Records for the exercise Start Marker

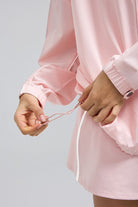 Lightweight Utility Windbreaker Jacket - SALTUM SPORTS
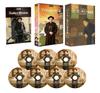Father Brown Case Files V DVD-BOX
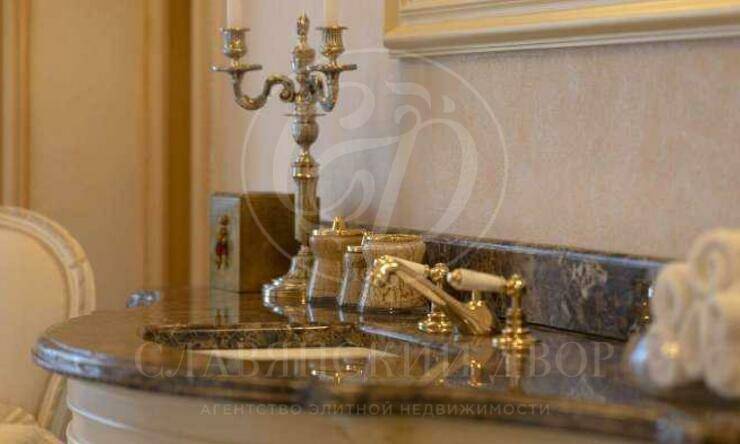 Лот-11772-402897 продажа дома Новорижское шоссе 3 Охота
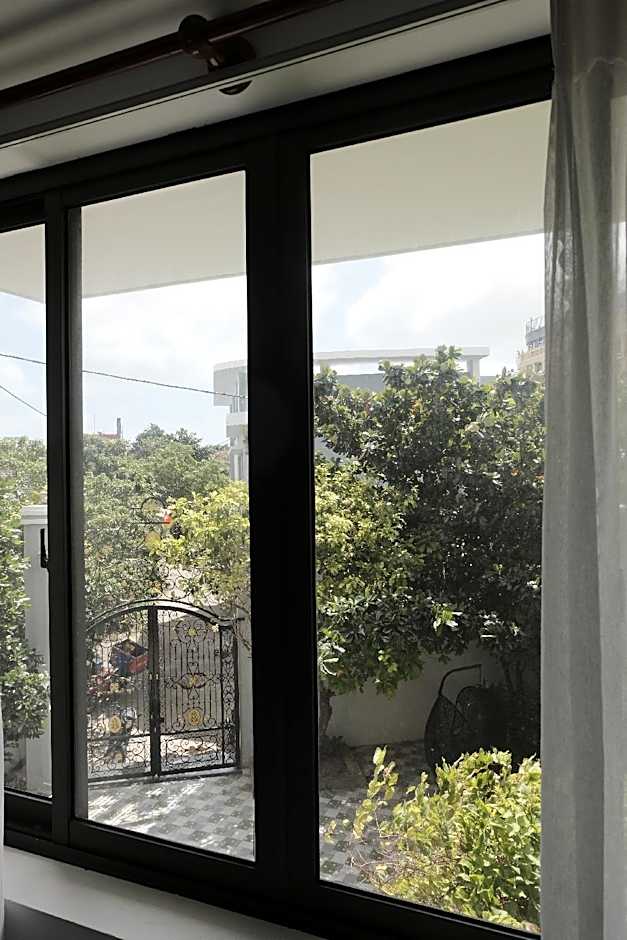 Nam Hai Con Dao Hotel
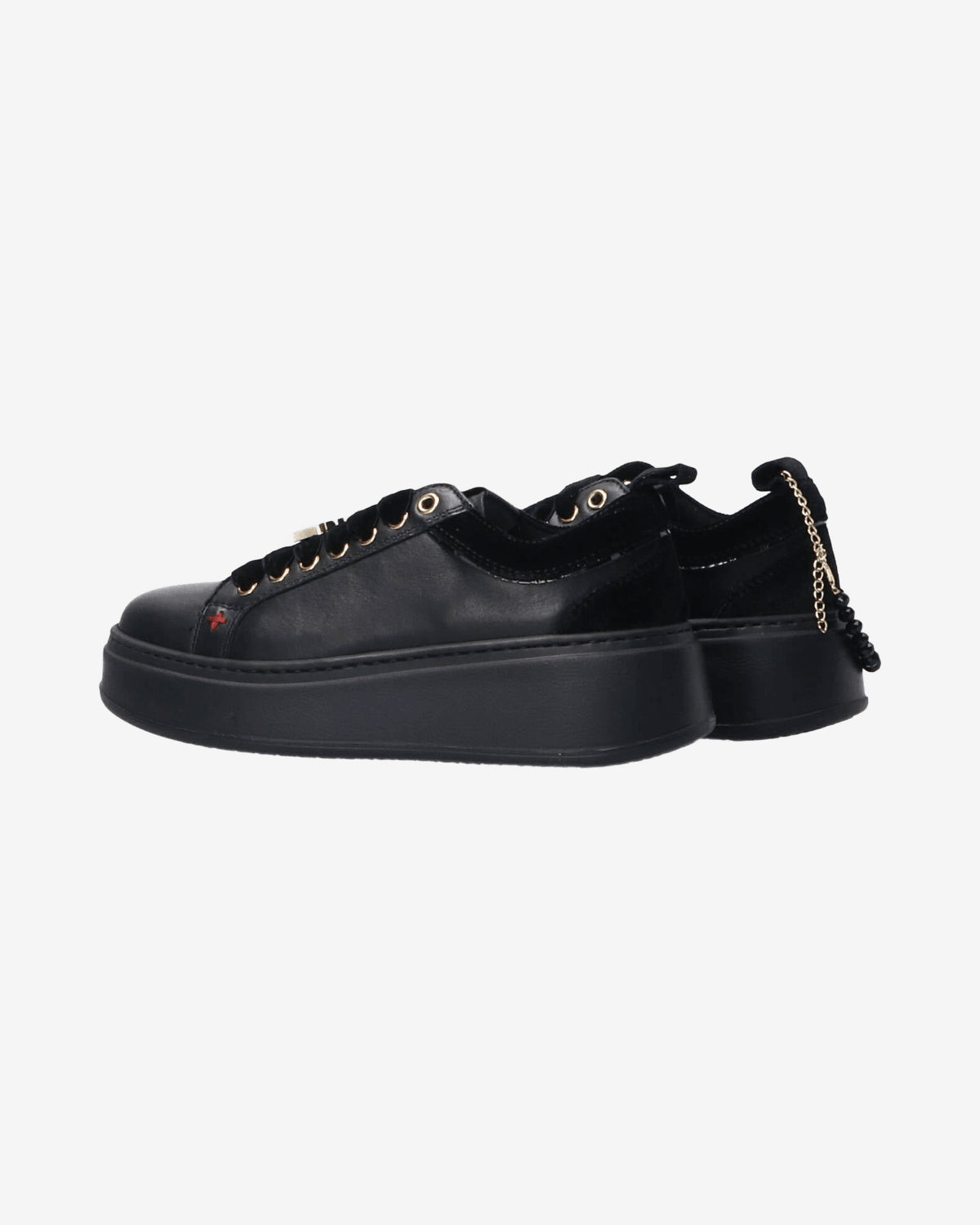 Combi leather PIA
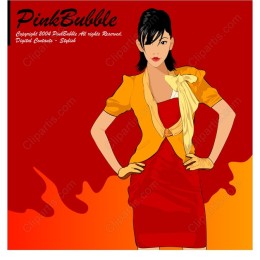 Chic Fashionista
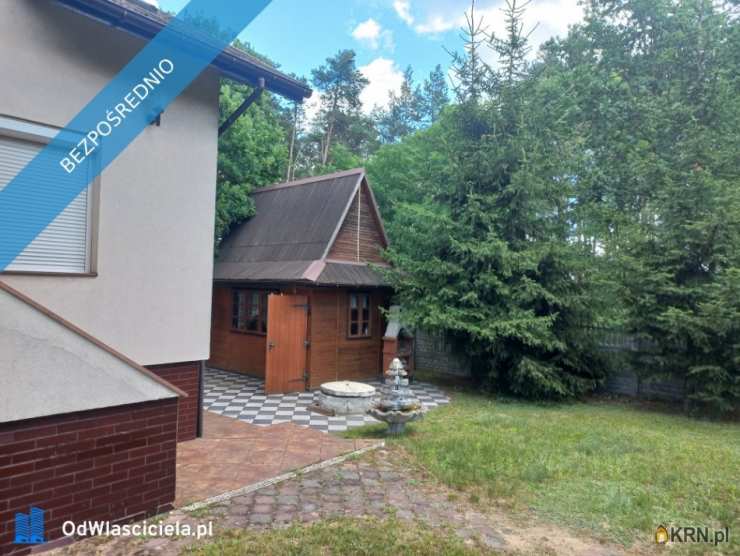 Białobrzegi, ul. , 4 pokojowe, Dom  na sprzedaż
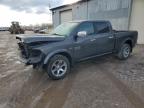 2017 Ram 1500 Laramie en Venta en Davison, MI - Front End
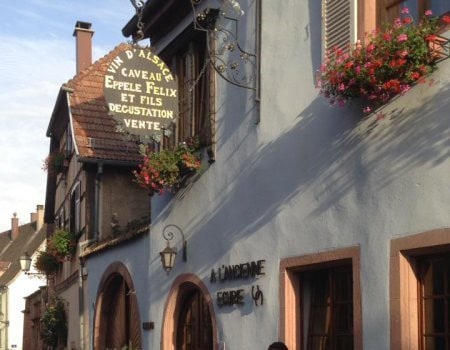 Caveau A l'Ancienne Ecurie — photo 2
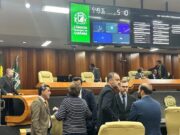 Câmara de Goiânia aprova reajuste de 5,4% nos vencimentos do magistério municipal Câmara de Goiânia aprova reajuste de 5,4% nos vencimentos do magistério municipal
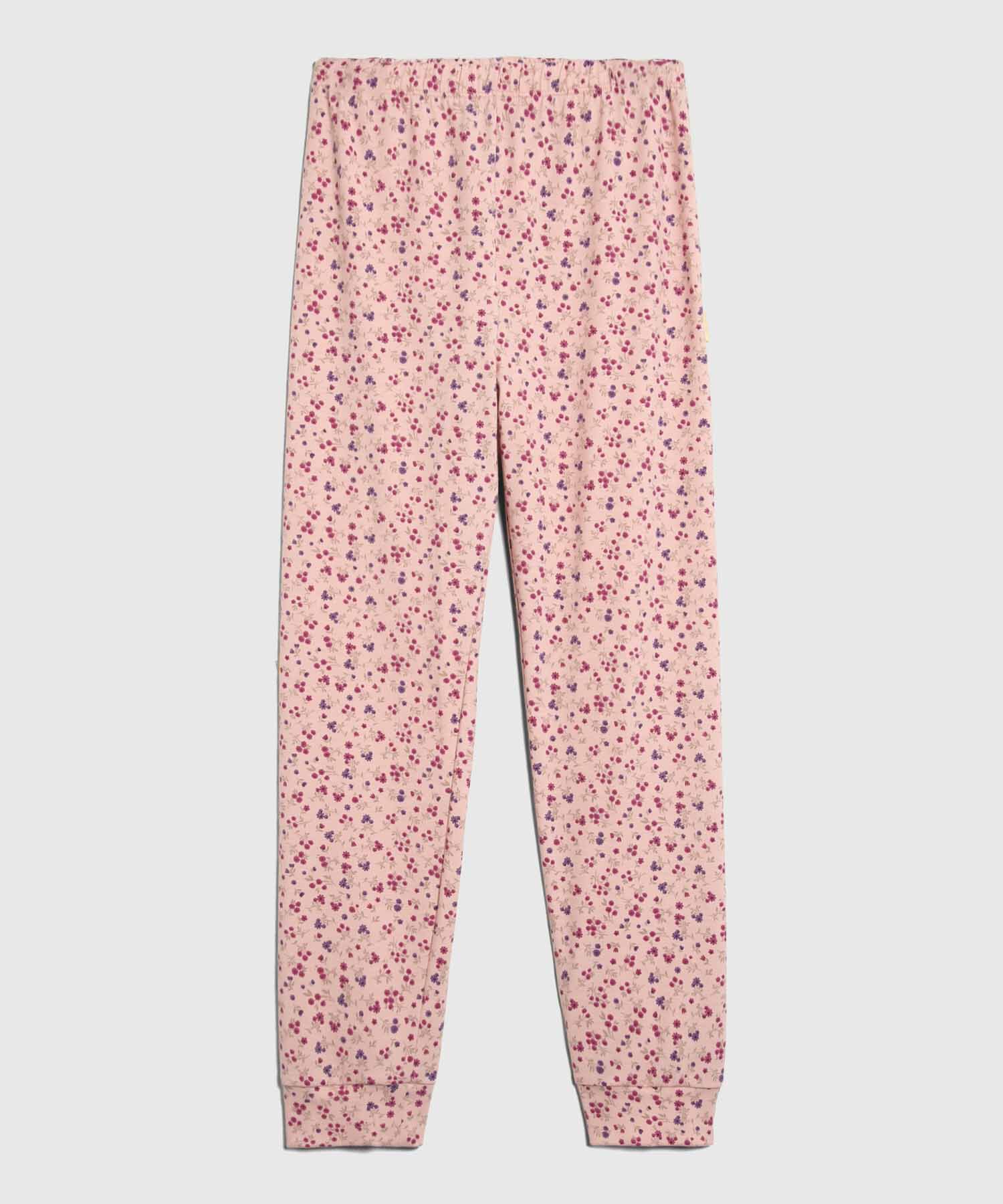 batas de pijama para niñas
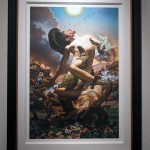 Nicola Verlato @ Merry Karnowsky Gallery, Los Angeles 3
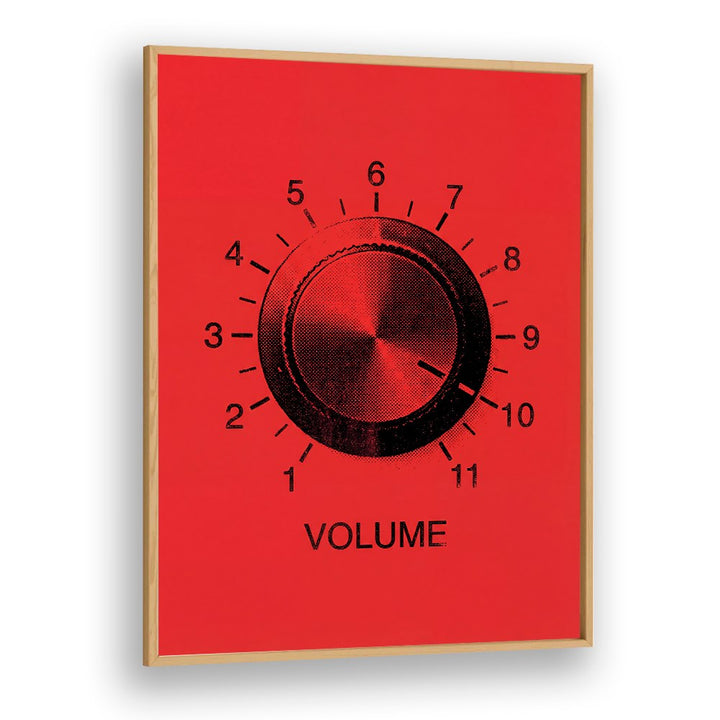 VOLUME TO ELEVEN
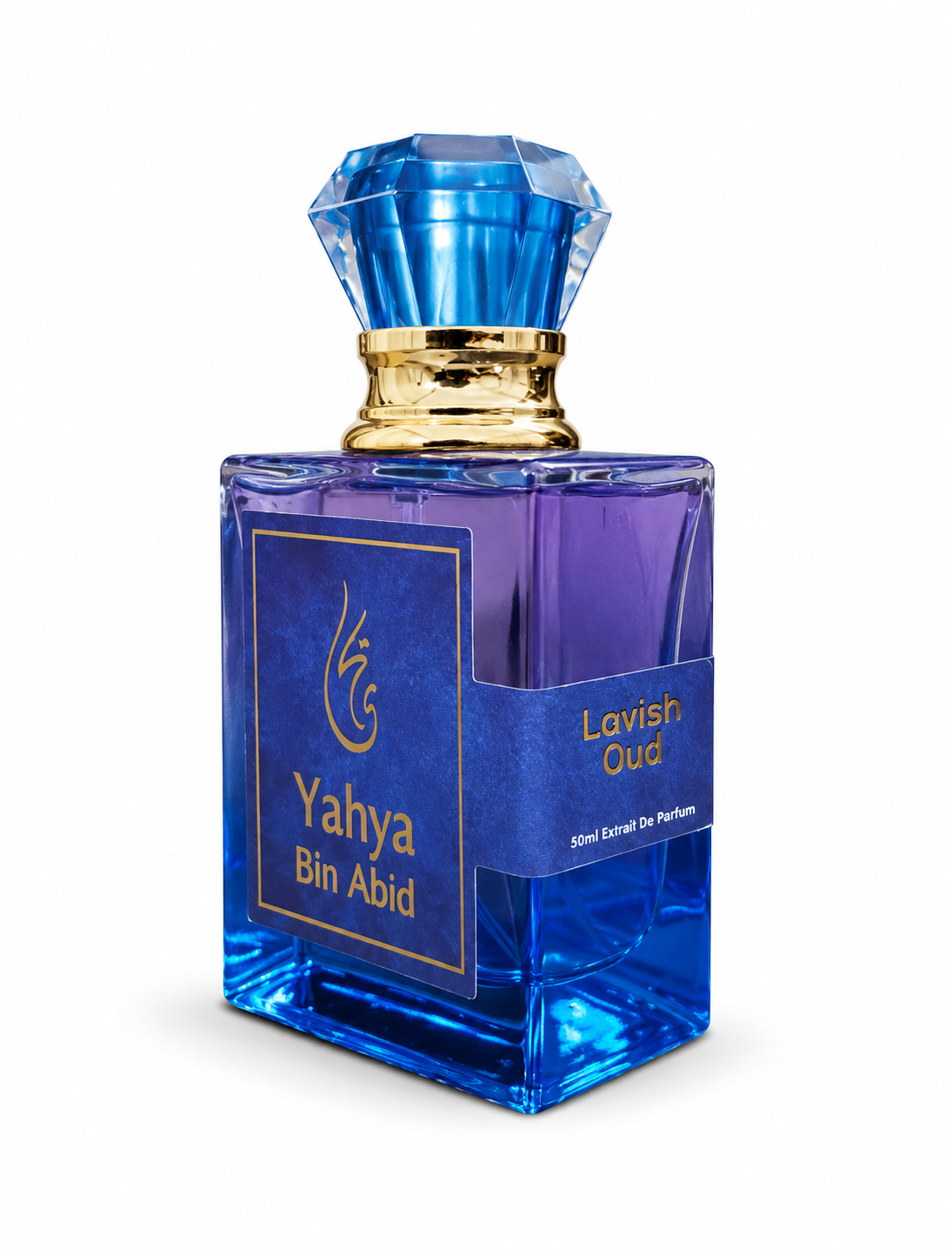 Lavish oud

Records for the exercise End Marker

- Brief -
Copy out the records exactly. Do not include the pictures.

- Solution to this task -
 Lightweight Utility Windbreaker Jacket - SALTUM SPORTS
Father Brown Case Files V DVD-BOX
 Лот-11772-402897 продажа дома Новорижское шоссе 3 Охота
 Nam Hai Con Dao Hotel
 Combi leather PIA
 Chic Fashionista
 Białobrzegi, ul. , 4 pokojowe, Dom  na sprzedaż
 2017 Ram 1500 Laramie en Venta en Davison, MI - Front End
 Caveau A l'Ancienne Ecurie — photo 2
 Câmara de Goiânia aprova reajuste de 5,4% nos vencimentos do magistério municipal Câmara de Goiânia aprova reajuste de 5,4% nos vencimentos do magistério municipal
 batas de pijama para niñas
 Nicola Verlato @ Merry Karnowsky Gallery, Los Angeles 3
 VOLUME TO ELEVEN
 Lavish oud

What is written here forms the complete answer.